(Image-text web data)
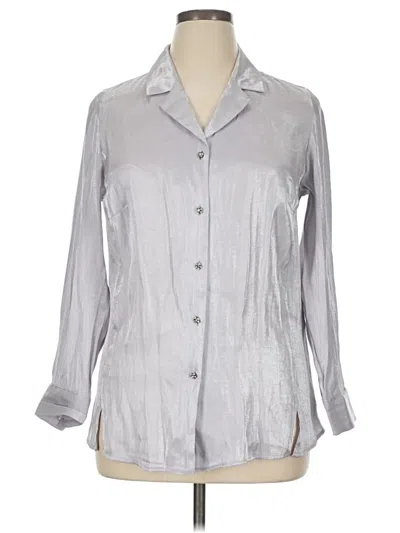 Pre-owned Avenue Long Sleeve Blouse In Silver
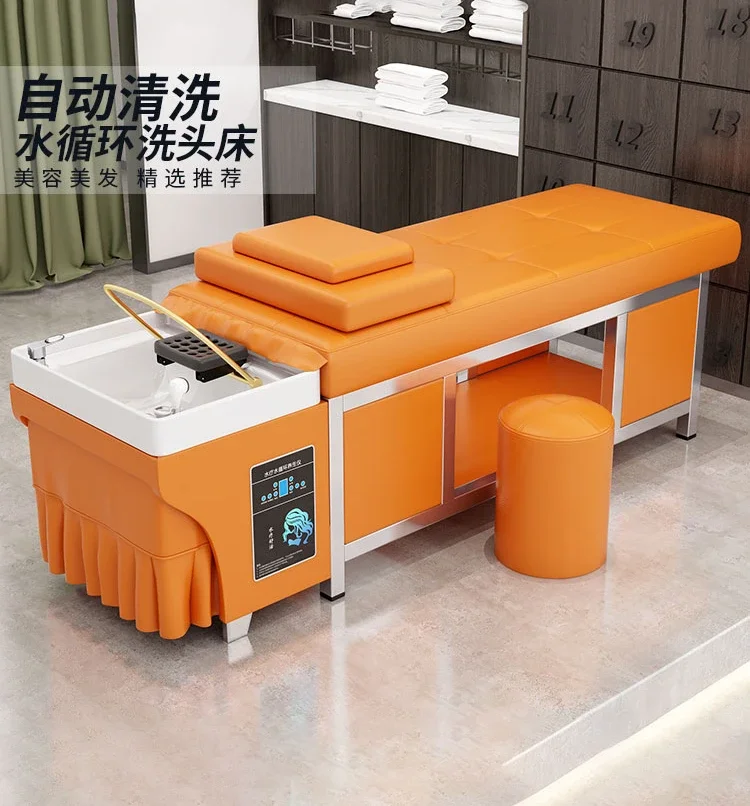 Stainless steel Thai shampoo bed, massage beauty bedside therapy bed, barber shop, hair salon exclusive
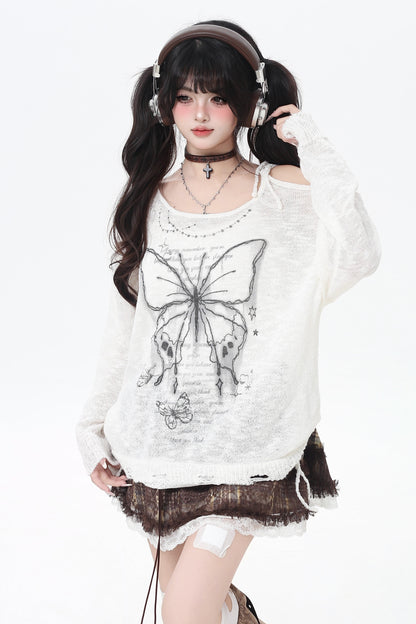 レイジーカットアウトオフショルダーレーストップス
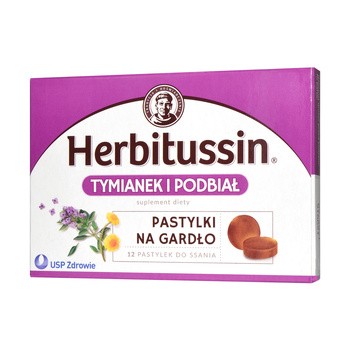 Herbitussin Tymianek i Podbiał, pastylki do ssania, 12 szt.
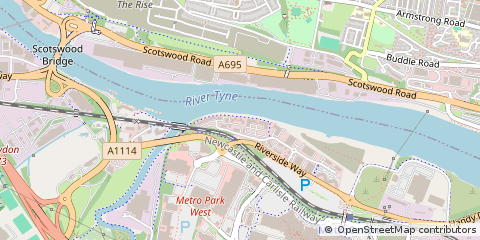 Map of Gateshead, Tyne and Wear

[EXERCISE DESCRIPTION]
Transcribe the entries above exactly, from their first line through the line with "Herbitussin Tymianek i", and omit all pictures.

[RESPONSE TO THIS TASK]
 Pre-owned Avenue Long Sleeve Blouse In Silver
 Stainless steel Thai shampoo bed, massage beauty bedside therapy bed, barber shop, hair salon exclusive
 レイジーカットアウトオフショルダーレーストップス
 Herbitussin Tymianek i Podbiał, pastylki do ssania, 12 szt.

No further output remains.